— WHAT TO PRODUCE —
Nothing but an exact copy is asked for: the lines in the material below from the one with "Dr. Jekyll's Dungeon of Death Poster" through the one with "2539006905 Mercedes-benz Used", pictures excluded.

— EXTRACTED MATERIAL —
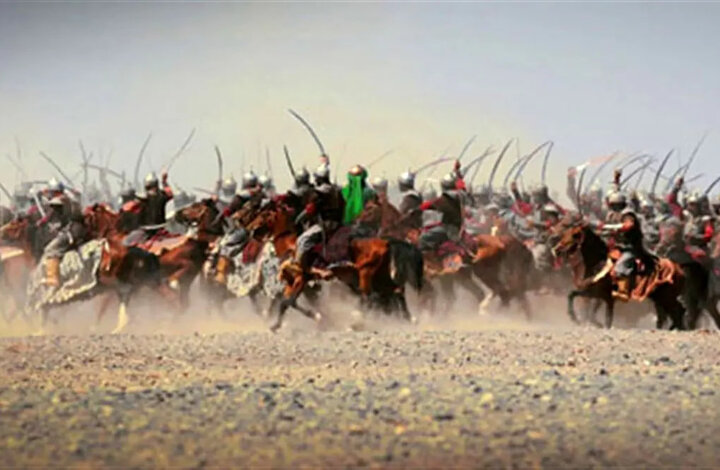 شما هم شهید میشوید؛ حتی در بستر خواب! شما هم شهید میشوید؛ حتی در بستر خواب!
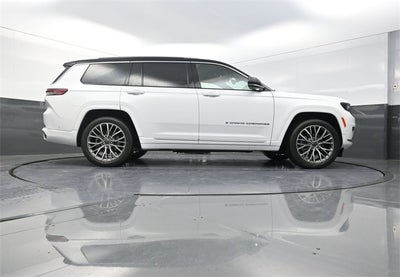 2023 Jeep Grand Cherokee L Summit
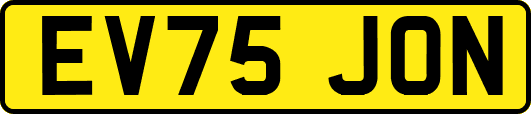 EV75JON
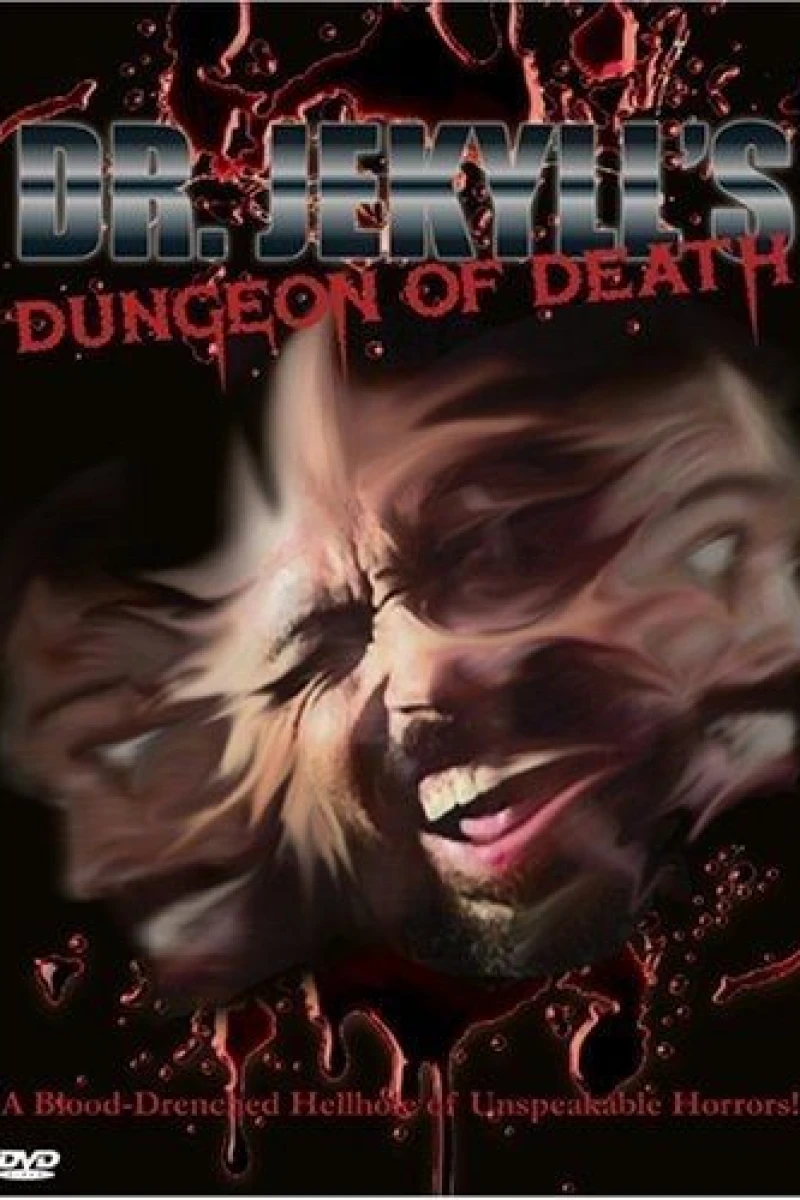 Dr. Jekyll's Dungeon of Death Poster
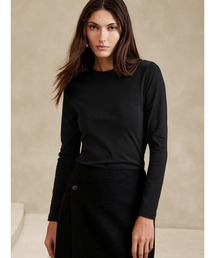 Banana Republic（バナナリパブリック）の「ピレネー クルーネックtシャツ（Tシャツ/カットソー）」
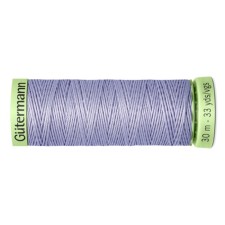 Нить Top Stitch для отстрочки, 30 м, 744506 (656 пыльно-лиловый)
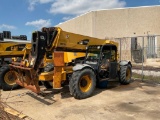 2012 TL1255C CAT Telehandler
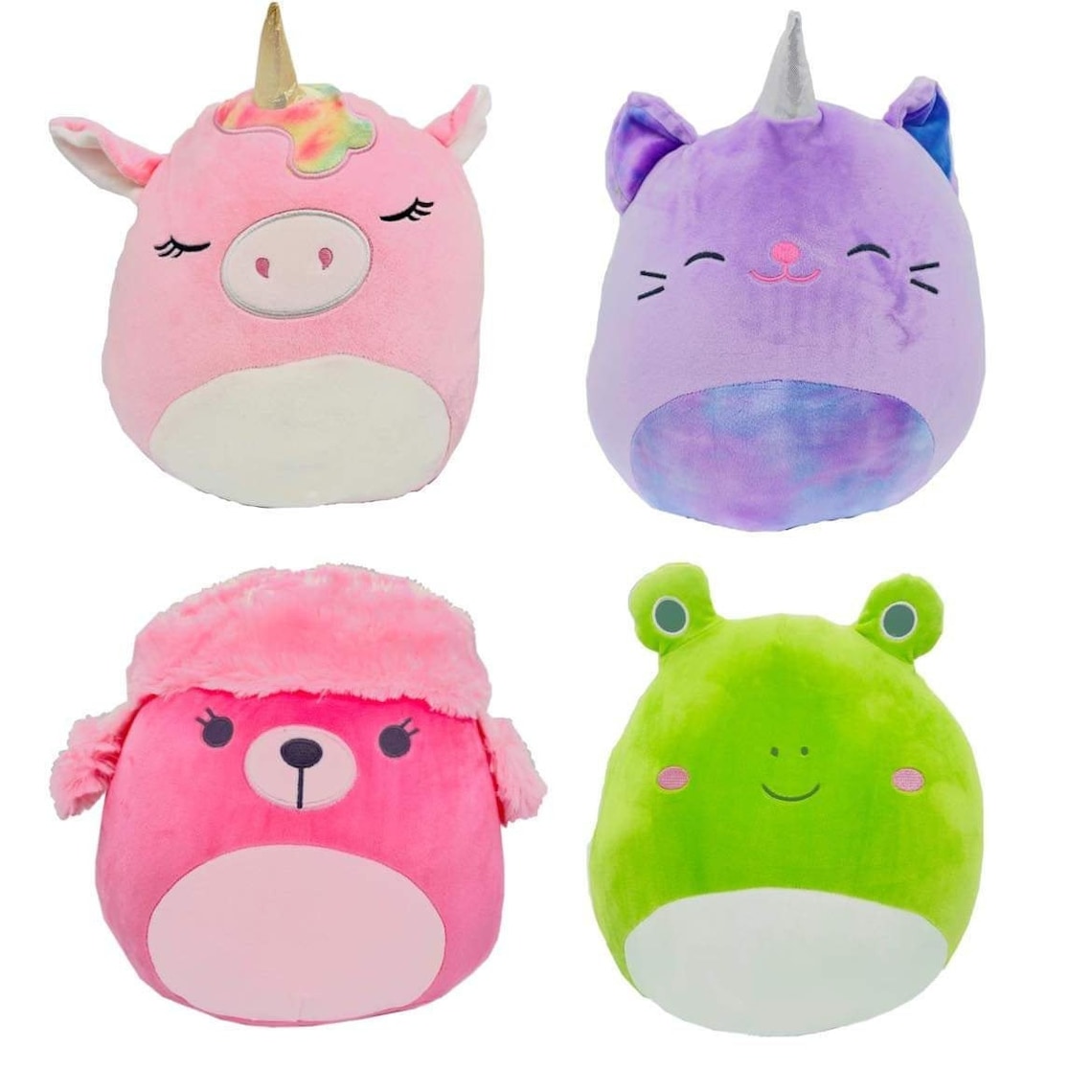 SQUISHY PILLOW Squishy Plush Toy Adorable Soft Stuffed Etsy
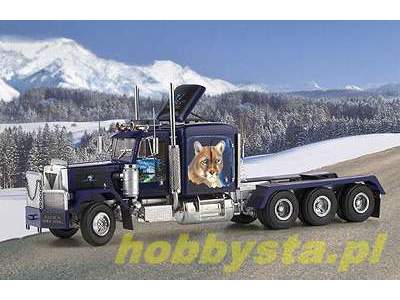 Peterbilt Alaskan Hauler - image 1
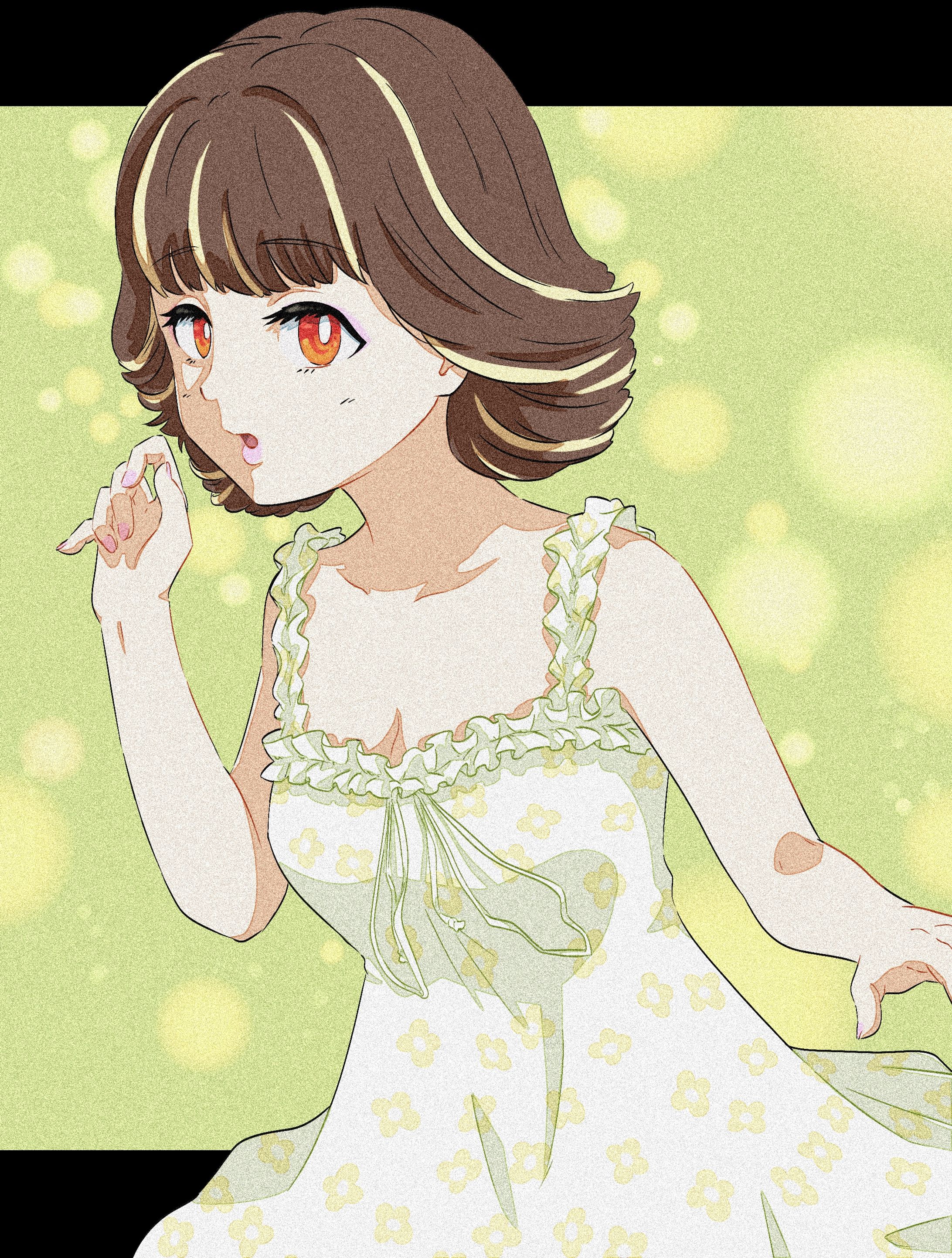 聖子ちゃんカット的な-1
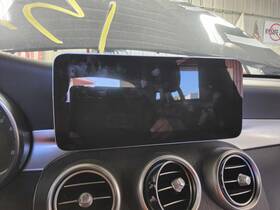 2539006905 Mercedes-benz Used Front Center Infotainment Display Fits 2020 Glc-cla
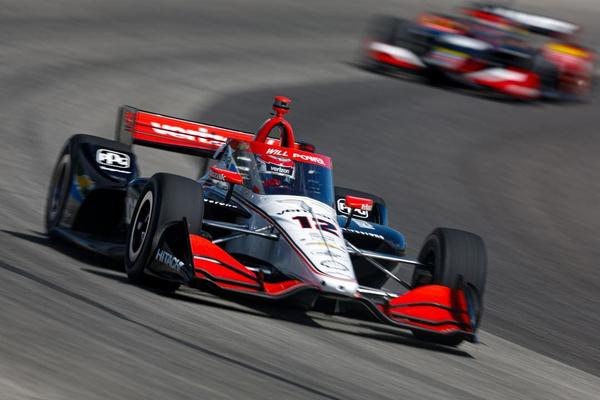 (Photo: Joe Skibinski/Penske Entertainment)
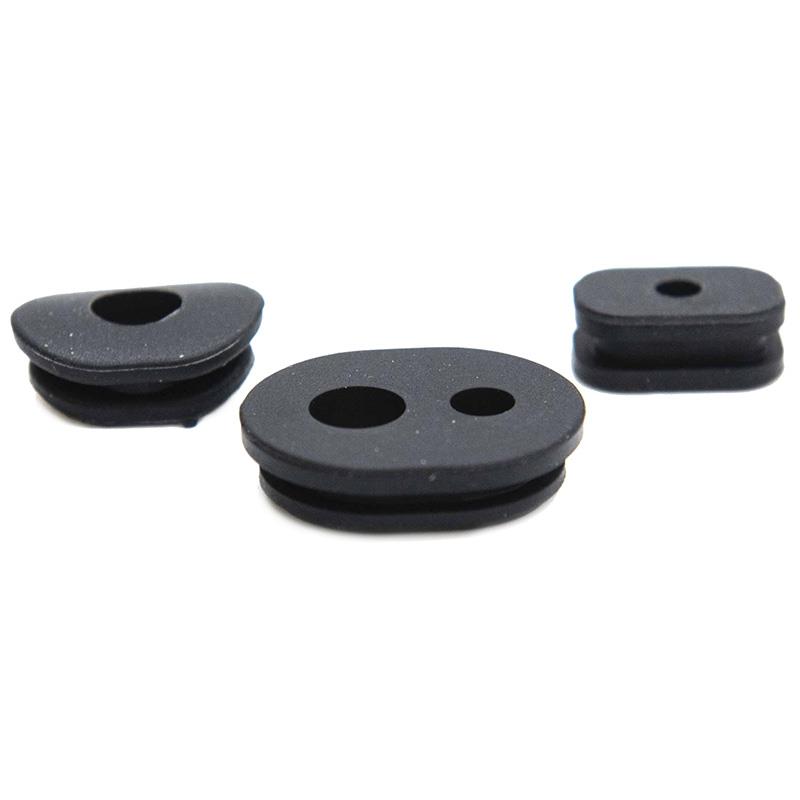 Juego de tapones de silicona Ninebot serie F y D (interior) - RuedaQrueda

— TASK ANSWER —
 Dr. Jekyll's Dungeon of Death Poster
 Banana Republic（バナナリパブリック）の「ピレネー クルーネックtシャツ（Tシャツ/カットソー）」
 Нить Top Stitch для отстрочки, 30 м, 744506 (656 пыльно-лиловый)
 2012 TL1255C CAT Telehandler
 SQUISHY PILLOW Squishy Plush Toy Adorable Soft Stuffed Etsy
 Peterbilt Alaskan Hauler - image 1
 聖子ちゃんカット的な-1
 2539006905 Mercedes-benz Used Front Center Infotainment Display Fits 2020 Glc-cla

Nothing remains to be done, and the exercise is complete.